Launching his comedy career in the late 1950’s, Lenny Bruce was one of the first edgy stand-up comedians who paid the price for being a trailblazer. His comedy was seen as “obscene at the time,” using profanity, sexual innuendoes, and a streak of brutal honesty. Though this edginess got him in trouble, his new brand of humor also landed him performances at prestigious venues like Carnegie Hall. In the 1960’s, he started getting arrested in multiple cities for violating state obscenity laws— first in San Francisco and Los Angeles for violating California obscenity law, then in Chicago, and later again in California. He was tried of being harassed in California, so he moved his act to New York City with the hopes of being left to do his act. Bruce was not so lucky. New York City district attorneys sent undercover agents to two of his performances. A former CIA agent sat in the venue, meticulously taking notes on the “obscene material. The act included a lot of commentary on the female body, up to Eleanor Roosevelt’s breasts. In response to a photo of Jackie Kennedy climbing out of the covetable in Dallas to “get help,” Bruce mused “builshit. She hauled ass to save her ass,” as anyone would have done.

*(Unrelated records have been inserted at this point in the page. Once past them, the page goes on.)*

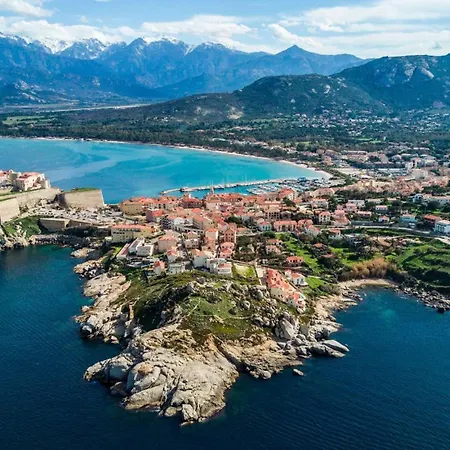 T3 Les Pieds Dans L'Eau Apartment Calvi  Exterior photo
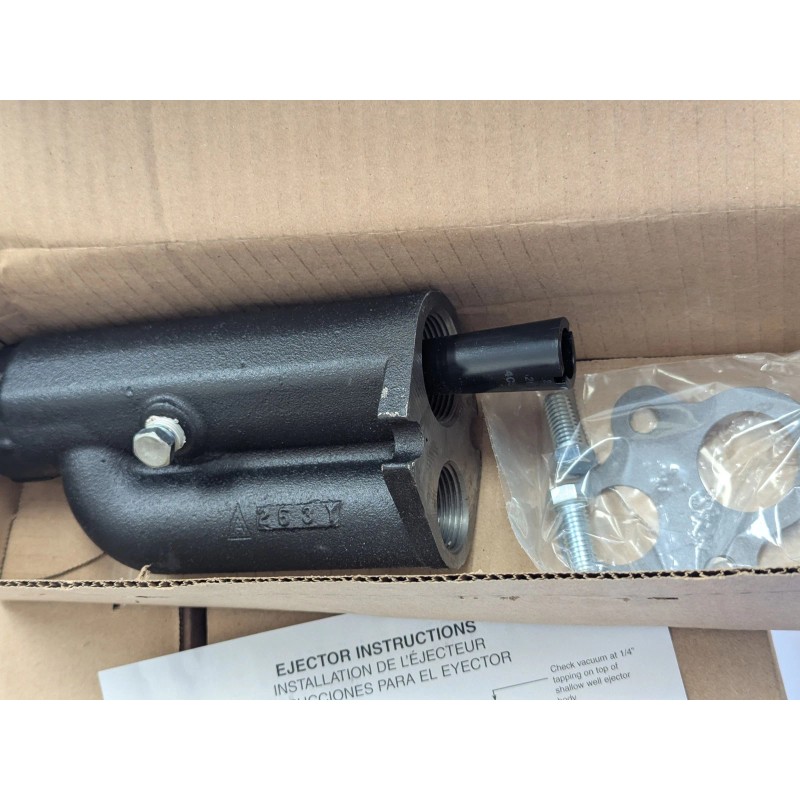 Star Water Systems 690 gph Cast Iron Deep Jet Well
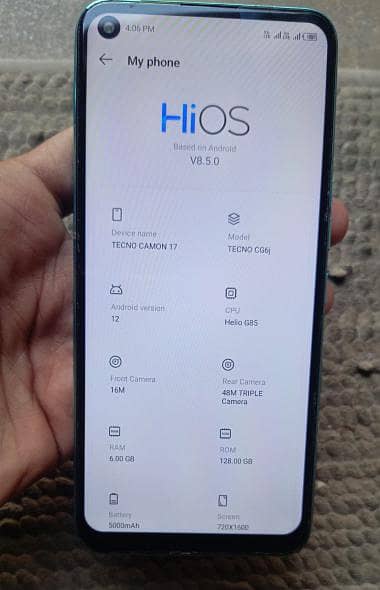 Tecno Camon 17 1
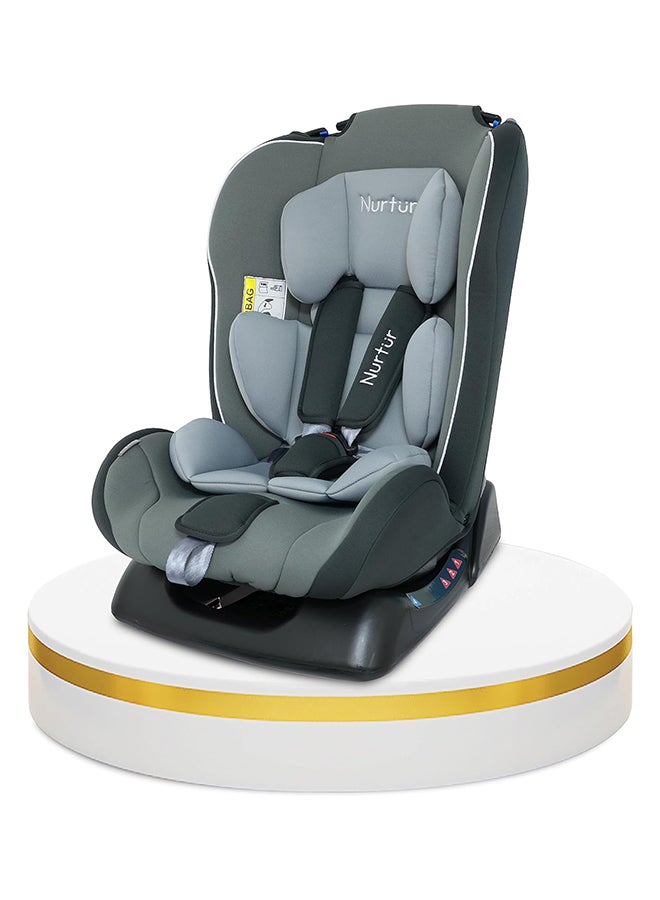 Bruno Baby/Kids 3-In-1 Car Seat - 4 Position Recline 5-Point Safety Harness – 143° Angle 0 Months To 7 Years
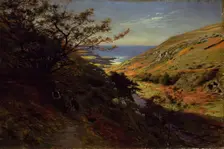 Currarie Glen, near Ballantrae, c1872. Creator: Joseph Farquharson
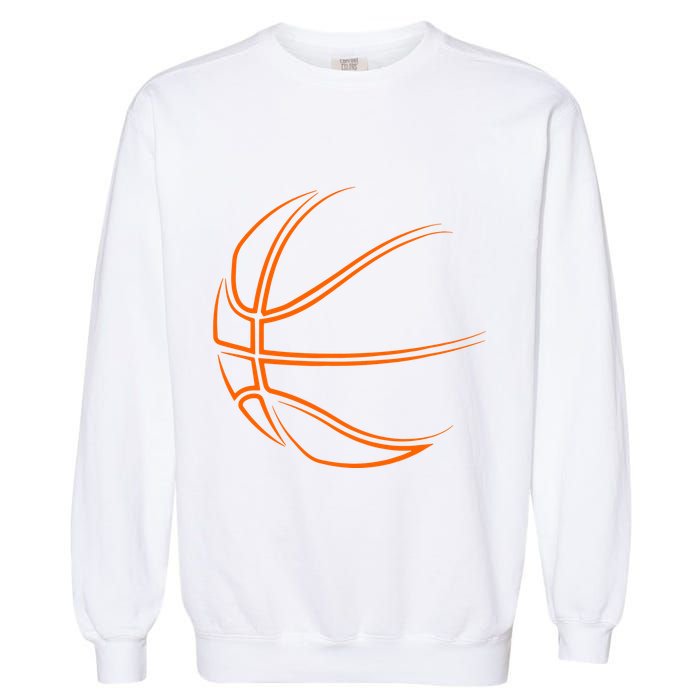 Basketball Player Cool Style Garment-Dyed Sweatshirt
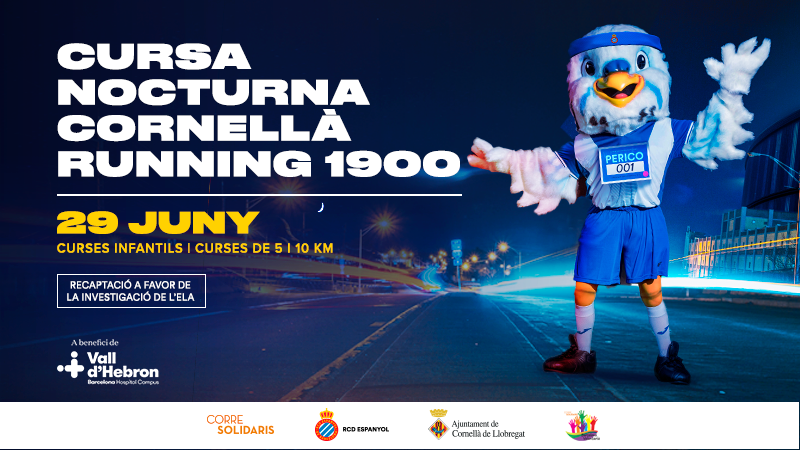 Vuelve la Cursa Nocturna Cornellà Running 1900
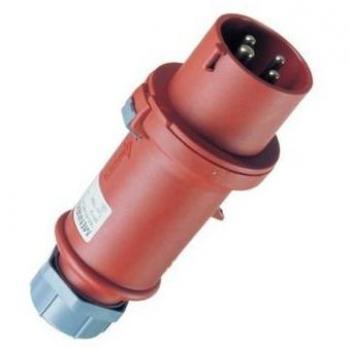 Mennekes 952 Stecker StarTOP mit SafeCONTACT 16A 4p 6h 400V IP44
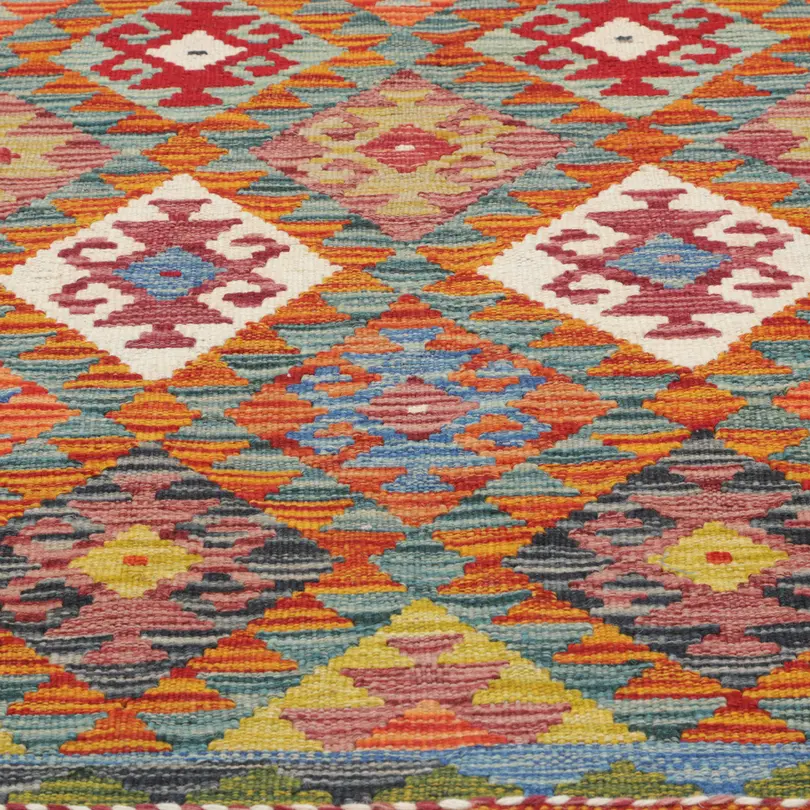 Kelimteppich Afghan Kelim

He closed the show with his most offensive segment “Guys Are Carnal,” which suggested that men are willing to have a one-night stand with “just about anything that moves, including a chicken.” Martin Garbus, a co-counsel for Bruce speculated that Bruce faced prosecution because of his attacks on religion and public figures, rather than because of his use of dirty words,” though his act contained both.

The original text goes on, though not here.